Oh Engadget, how you love having your cake and eating it too. You say, and I quote, "Our take? Boooring. Let TMZ cover this crap in detail, we're here for the gadgets. We just hope that the rivalry inspires the two to innovate a bit more and litigate a lot less." You felt it necessary to write up a story, and include a video, yet you think it's "booooring"? You aren't fooling anyone, you know this type of story generates a ton of interest, and judging by the 355 comments, you were correct. So, at least have the common decency to not insult our intelligence by posting a story just to get us to read it, then call it a waste of time.
For the record, this battle of titans has more impact on the landscape of gadgets than you're giving it credit for. These are two very influential companies in the gadget industry, and they're about to go 12 rounds, toe to toe.
Get real, would ya? You and I are both like guys who had this rich neighbor - Xerox - who left the door open all the time. And you go sneakin' in to steal a TV set. Only when you get there, you realize that I got there first. I got the loot, Steve! And you're yellin'? "That's not fair. I wanted to try to steal it first." You're too late.
ThIs if for Apple executives reading comments here and reporting back to Steve Jobs' Politburo.
LISTEN CAREFULLY.
Our company currently produces iPhone Apps.
We are hiring Android developers. We've had enough of the tyrannical Soviet approach Apple has towards its developers.
We made your damn iTunes. Your 100,000 App were produced by us - the developer community. Not you. They cost you nothing.
Don't you get it? No content - no iTunes.
We're actively moving to different platforms where freedom reigns. Our Android, Windows and Symbian Apps won't be shackled half as much as the Soviet of Apple.
With developers' creativity and innovation unshackled the people with follow.
Business schools will one day study how Apple killed the goose that laid the golden egg. It was all about freedom, creativity and innovation.
It's always about freedom - you idiots. Don't you get it.

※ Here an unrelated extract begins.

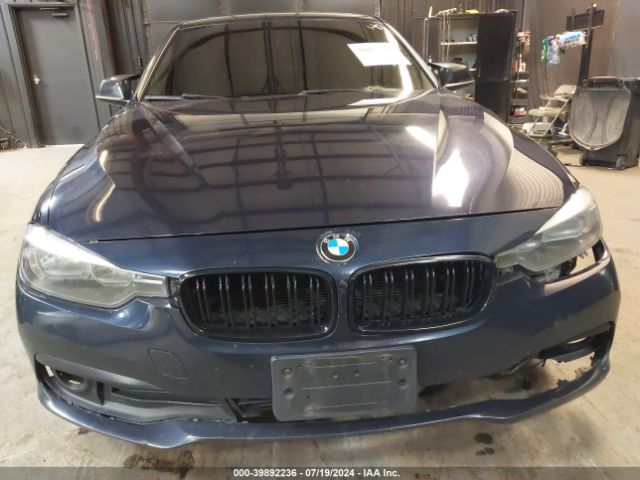 WBA8E5G57GNU21369 BMW 320i Xdrive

why doesn't Apple creates its own search engine??
@thefofo I can see Apple doing that, but they'll do it from the other direction. They'll get all the pieces they'll need first then go, "oh wait, we can use all this with a search engine, too."

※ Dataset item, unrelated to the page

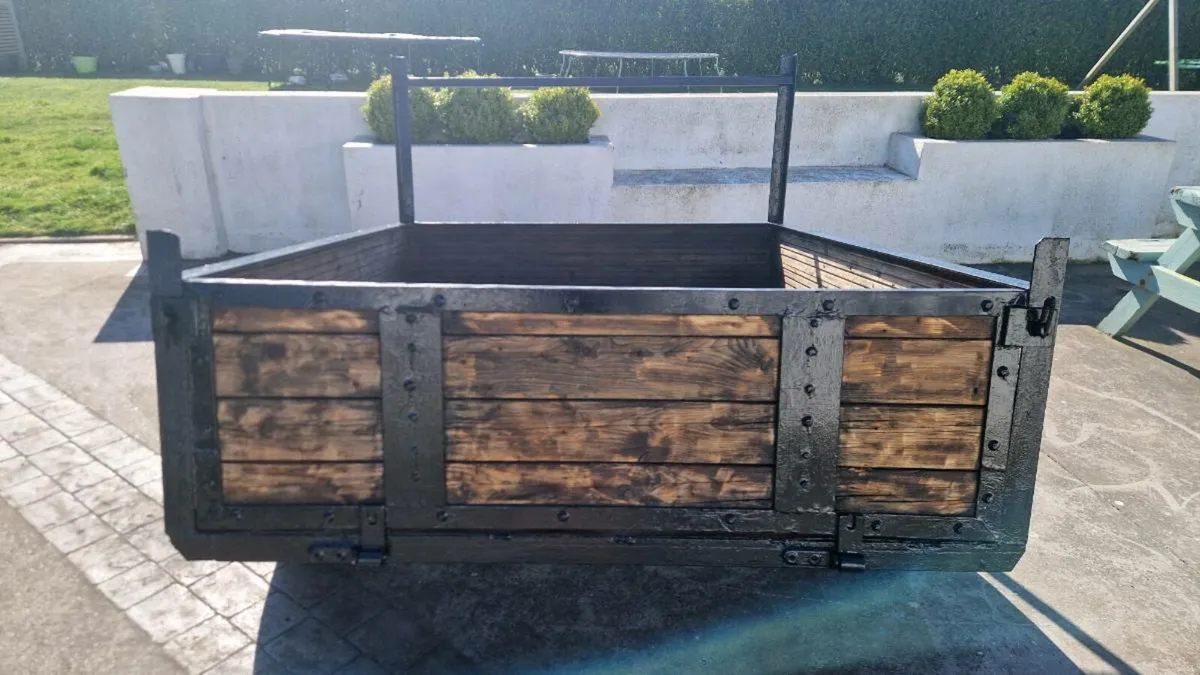 Car Trailer - Image 4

I swear it must be the Meds with this Steve Jobs.
The guy has been so sick and so full of pills he's losing it.
He thinks he's Napoleon!
No Hitler!
No Caesar!
I can't agree more...
Hey Jobs, why don't you you just sit back have a coke and calm the Fuck down!
Reminds me of the Antitrust film. Now the film Anti-Trust is old;
A new one will be created to tell about how the company steals(or burrows) technology and stops others from excelling themselves. Buying all the tech from the universities itself & stopping it from being opensource,.
"In the phone business, either you are a 1 or 0, either you have an iPhone or not."
http://en.wikipedia.org/wiki/Antitrust_(film)
Everyone is complaining about who invented what first, but this suing and being sued is creating innovation. For a company to protect itself it needs to create a bigger gun (read: better patented feature). So this is essentially a gun fight to see who flintches first.
Apple should focus on creating a superior product. I've been a loyal iPhone user since version one but I just switched to the Nexus One. I did this mainly because the iPhone experience has grown stale. The incremental improvements over the last year and a half have been a joke.